- [RECORDED DATA]:
——————————

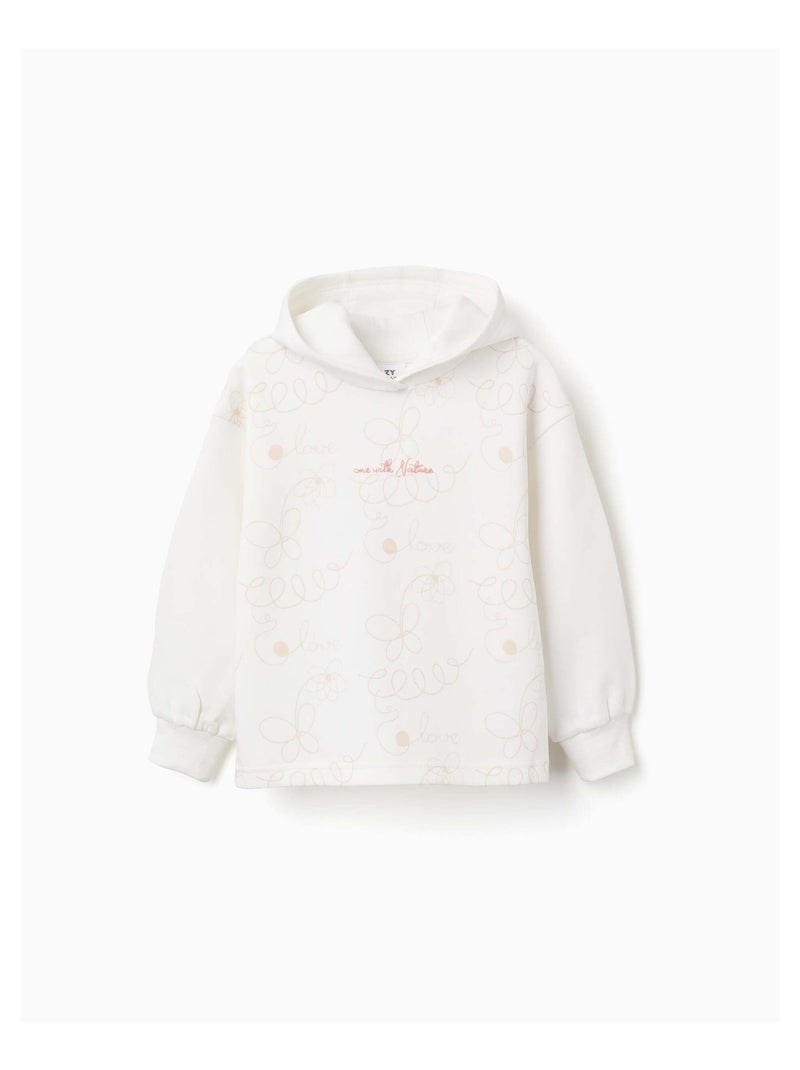 Sweat Gratté avec Capuche Blanc - Kiabi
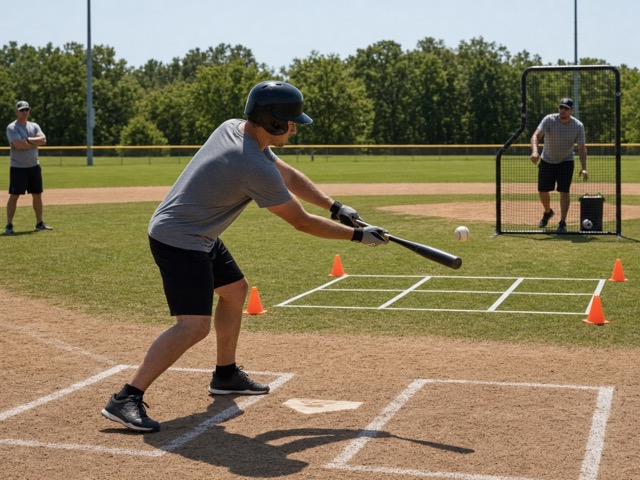 Hit-and-Run Contact Game activity preview - Each swing is treated like a hit-and-run situation and scores only on playable contact through the called gap. Most clean reps wins.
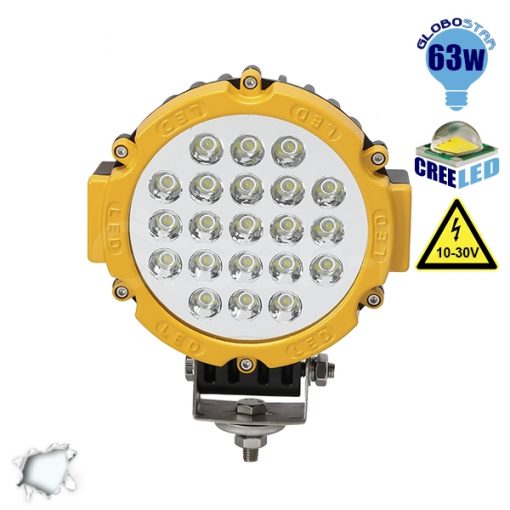 Προβολέας LED Εργασίας Κίτρινος Στρογγυλός 63W 10-30V 8820lm 30° Αδιάβροχος IP65 Ψυχρό Λευκό 6000k GloboStar 05189
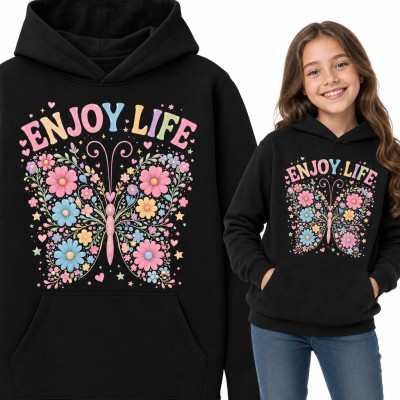 Bluza dziewczęca z kapturem - motyl z pastelowych kwiatów i napis „Enjoy life”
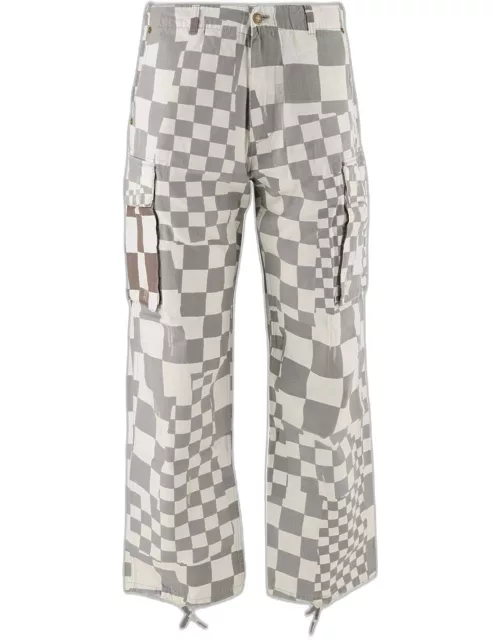 ERL Cotton Cargo Pants With Plaid Pattern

——————————

- [TASK DESCRIPTION]: Copy out exactly, without any pictures, the lines above that begin at the one with "Bluza dziewczęca z" and end at the last line of the listing.

- [OUTPUT FOR THIS EXERCISE]:
 Bluza dziewczęca z kapturem - motyl z pastelowych kwiatów i napis „Enjoy life”
 ERL Cotton Cargo Pants With Plaid Pattern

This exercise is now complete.